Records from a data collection
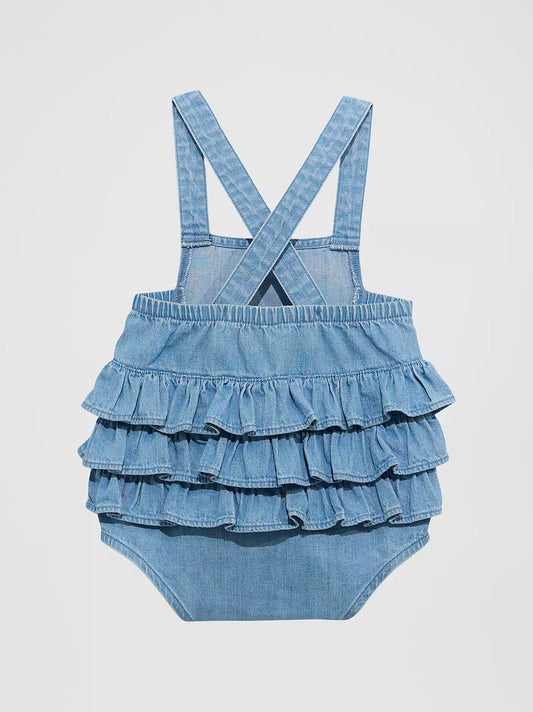 Wrangler Baby Girl's Denim Ruffle Bodysuit - Denim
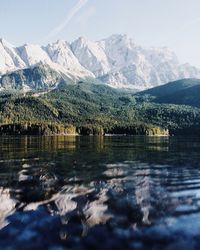 Scenic view of snow covered mountains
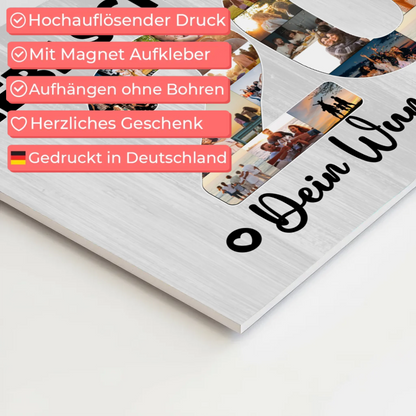 Fotoboard Magnet Poster mit Unterschriften 20 Geburtstag Schwester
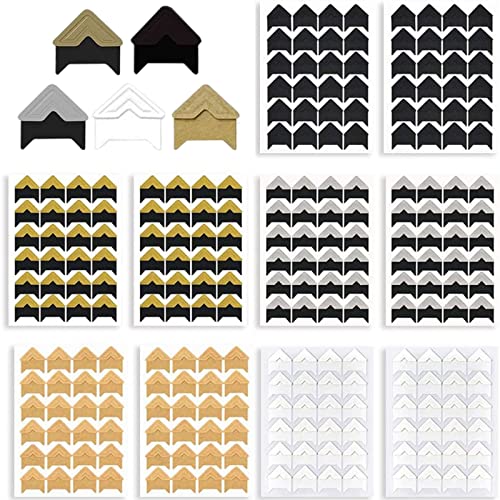 HXHWKEN 240Pcs Esquinas de Fotos Pegatinas para Esquinas de Montaje Esquinas de Foto Autoadhesivas para DIY Álbumes de Recortes, Diario (5 Colores, 10 Hojas) Cover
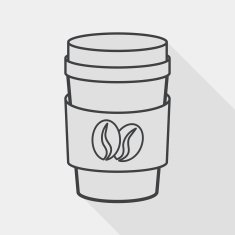 takeaway coffee flat icon with long shadow line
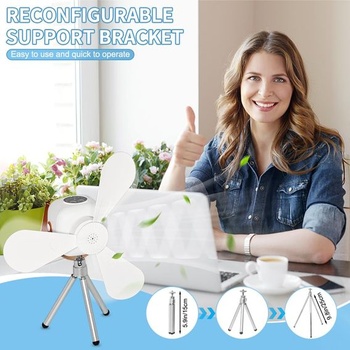 Stropný ventilátor so svetlom, kempingový, tichý, USB, časovač, biely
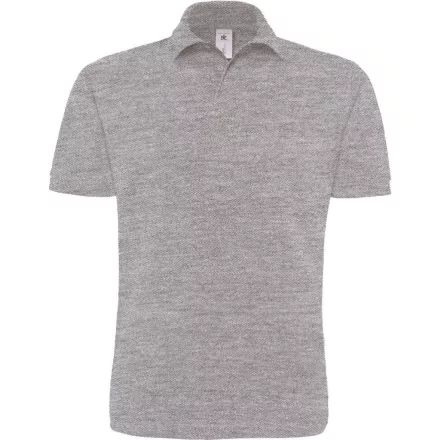 B&C galléros póló Heavymill 230 melírozott szürke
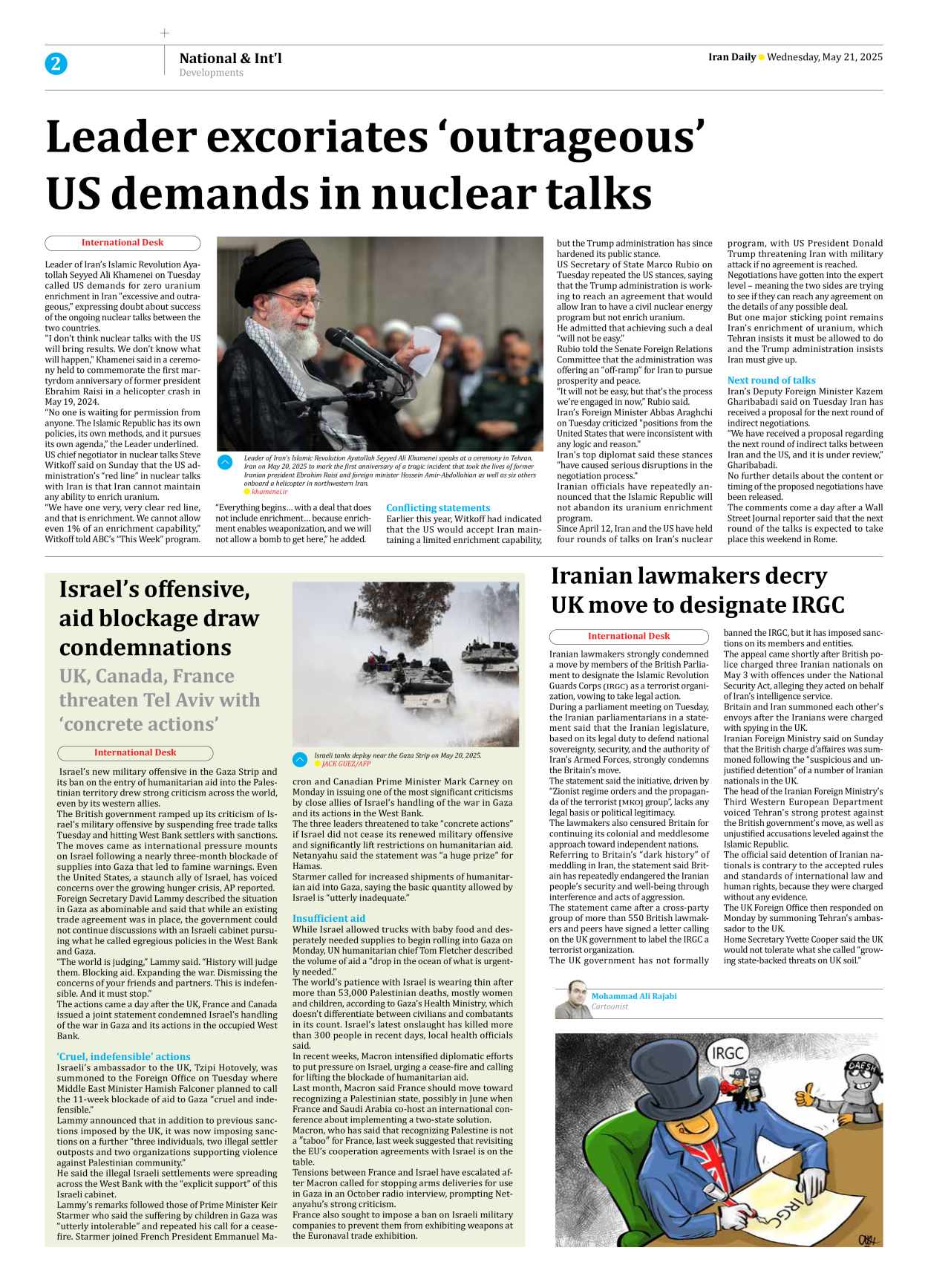 Iran Daily - Number Seven Thousand Eight Hundred and Thirty Seven - 21 May 2025 - Page 2
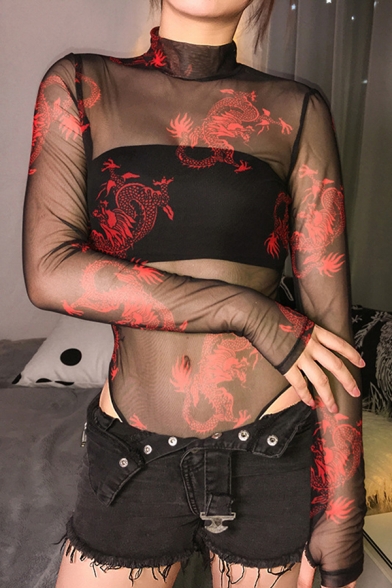 Sexy Female Glove Sleeve Mock Neck Dragon Print See-Through Mesh Slim Fit Bodysuit for Nightclub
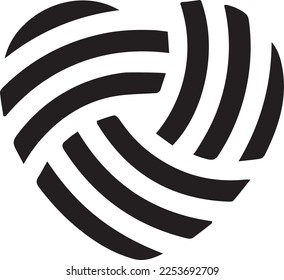 Black Geometrical shape Heart Vector on isolated background
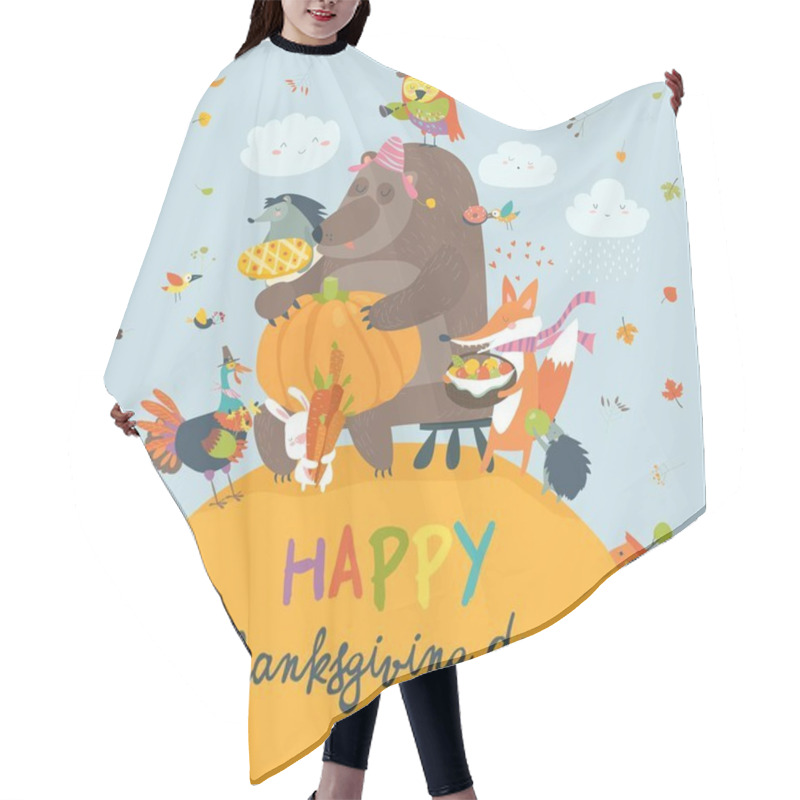 Personality  Cute Animals Celebrating Thanksgiving Day Hair Cutting Cape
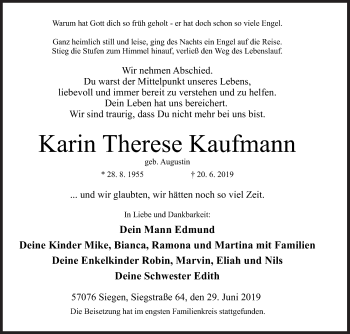 Traueranzeige von Karin Therese Kaufmann von Siegener Zeitung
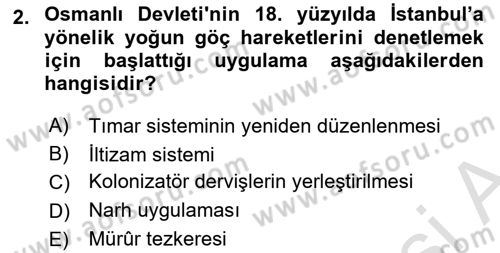 Osmanlı İktisat Tarihi Dersi 2025 - 2026 Yılı (Vize) Ara Sınav Soruları 2. Soru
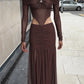 Waistless Long Dress Woman Mesh Patchwork 3d Furry Decoration Slash Neck Backless Street Fashion Ruched Elegant Vestidos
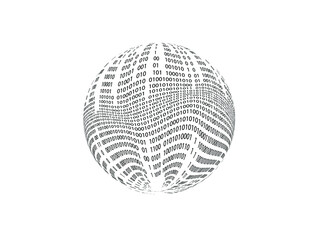 Big data futuristic design . Digital visualization . Particles stream . Binary background . Technology information concept. Flow lines . Vector sphere .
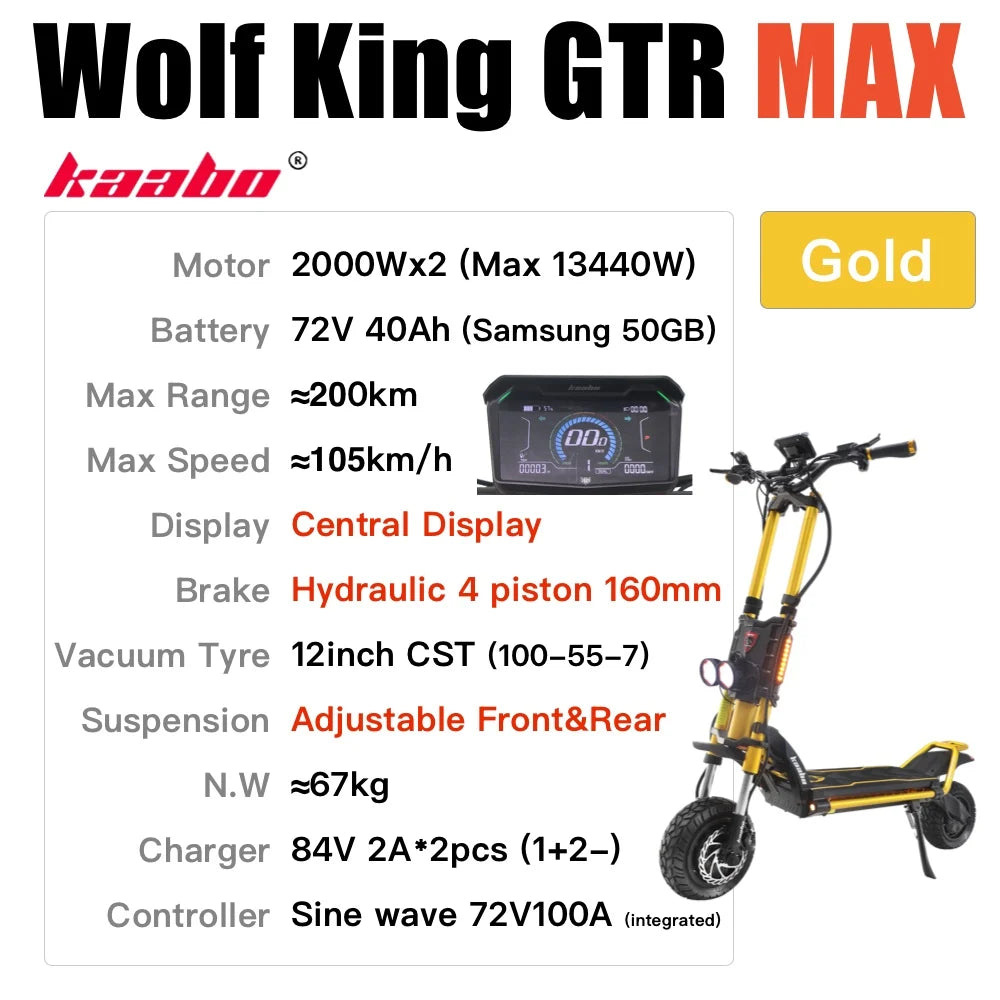 KB Wolf King GTR Max Electric Scooter 2000W*2 Motor 72V 40Ah Battery 2in1 FOC Controller Central Display 12inch Vacuum CST Tire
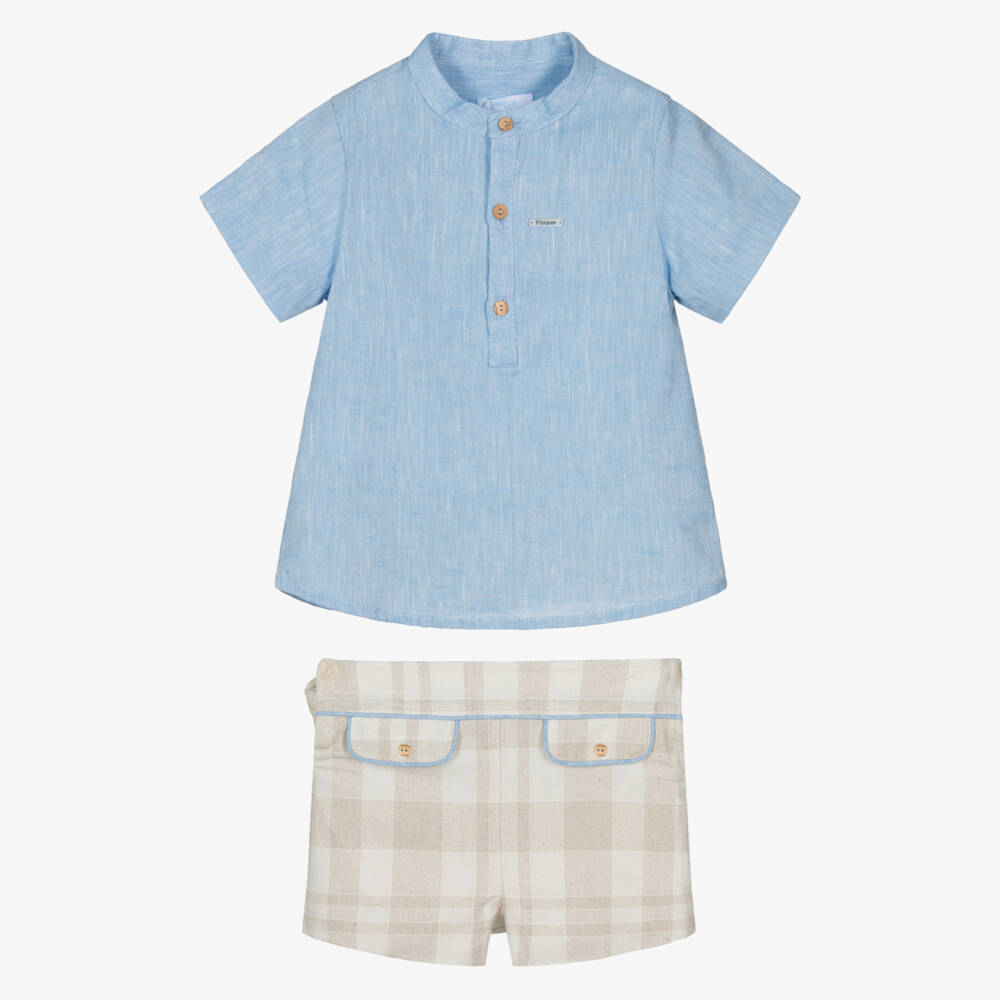 Foque-Boys Classic Blue & Beige Ensemble | Childrensalon Outlet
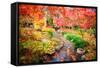 Autumn Japanese Garden with Maple-NicholasHan-Framed Stretched Canvas
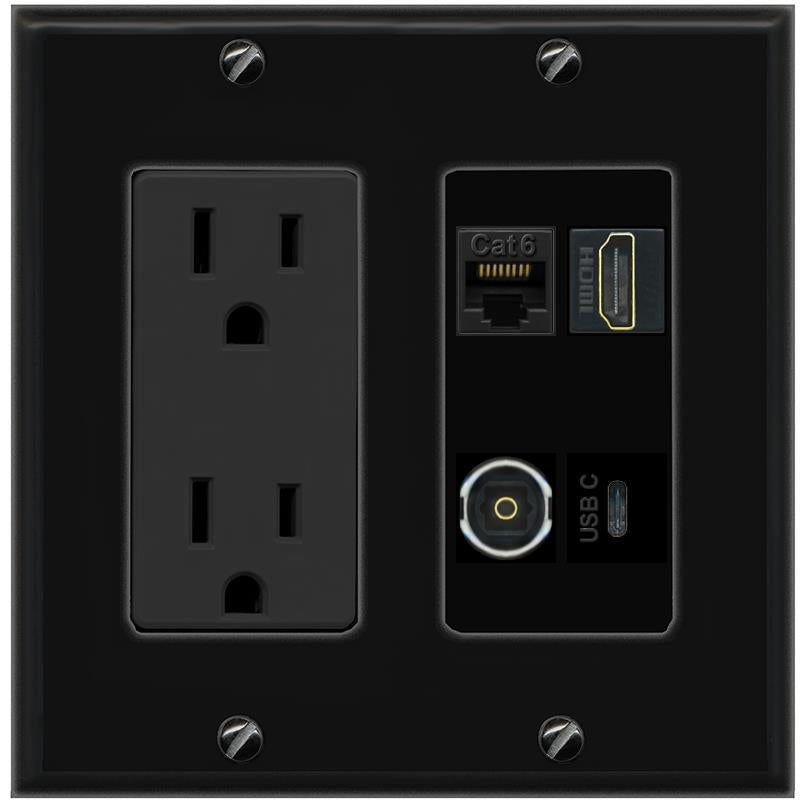 RiteAV CAT6 HDMI TOSLINK USBC Wall Plate with 15A Power Outlet [Black]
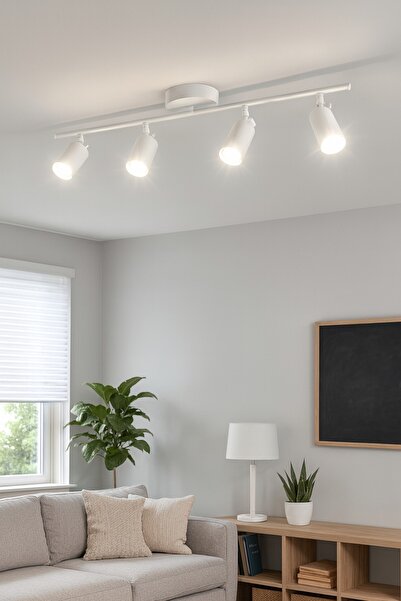 Koal Avize Spoti 4'Lü Beyaz Renk (BEYAZ IŞIK) Modern Tasarım Salon - Mutfak -...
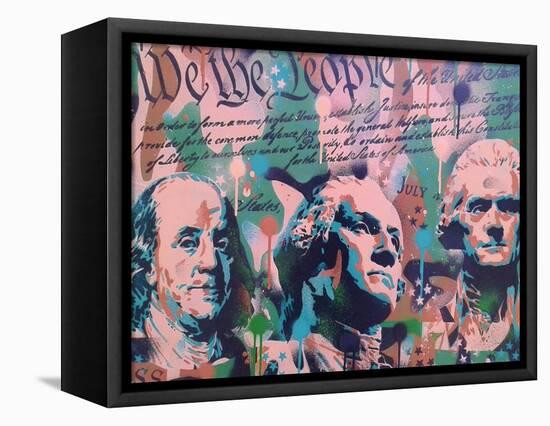 We The People-Abstract Graffiti-Framed Stretched Canvas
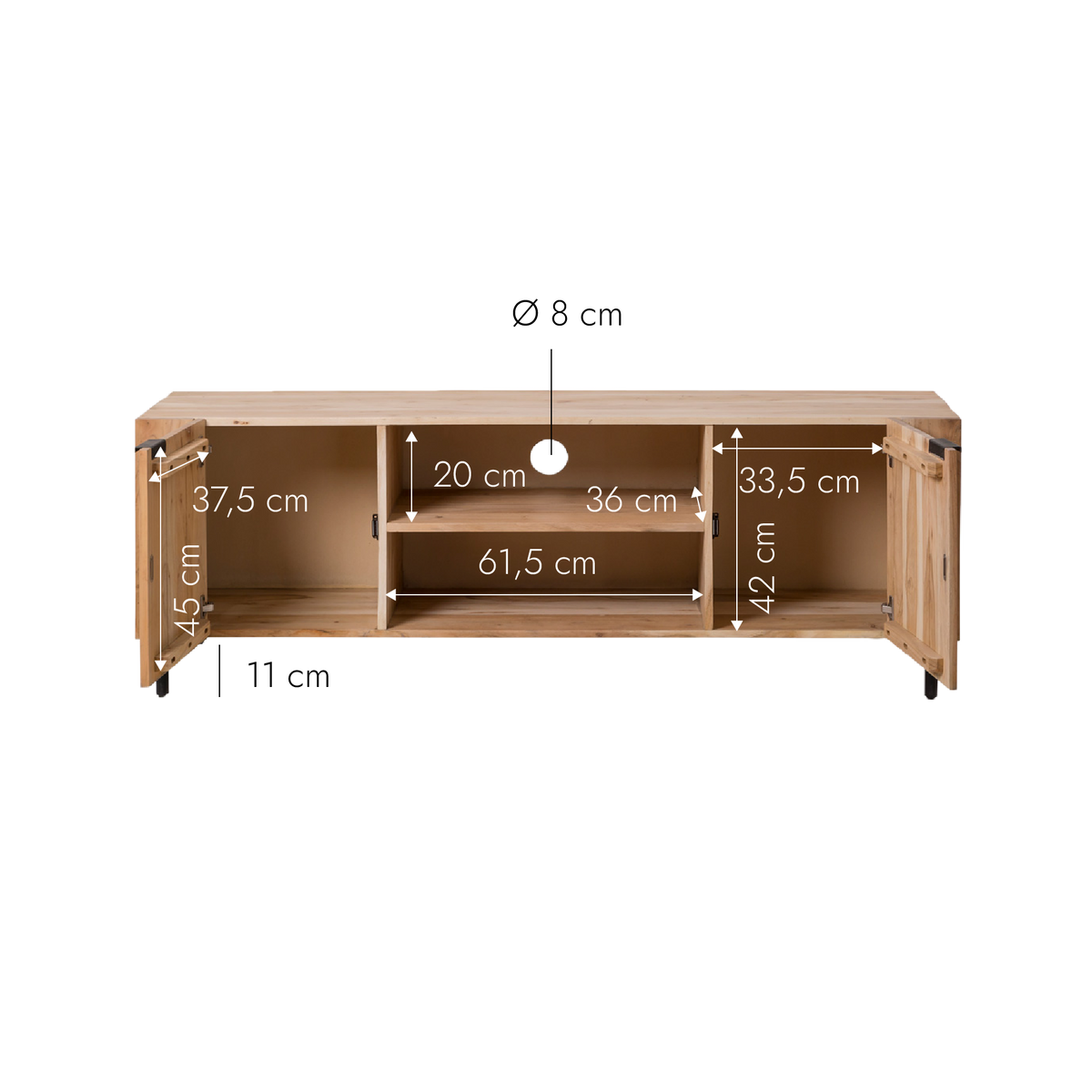 Meuble TV en bois d'acacia Paula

[EXERCISE DESCRIPTION] Skip the pictures. Restate exactly the lines from the start of the entries through the line containing "B&C galléros póló", both ends included.

[TASK RESPONSE]
 Wrangler Baby Girl's Denim Ruffle Bodysuit - Denim
 Scenic view of snow covered mountains
 Fotoboard Magnet Poster mit Unterschriften 20 Geburtstag Schwester
 HXHWKEN 240Pcs Esquinas de Fotos Pegatinas para Esquinas de Montaje Esquinas de Foto Autoadhesivas para DIY Álbumes de Recortes, Diario (5 Colores, 10 Hojas) Cover
 takeaway coffee flat icon with long shadow line
 Stropný ventilátor so svetlom, kempingový, tichý, USB, časovač, biely
 B&C galléros póló Heavymill 230 melírozott szürke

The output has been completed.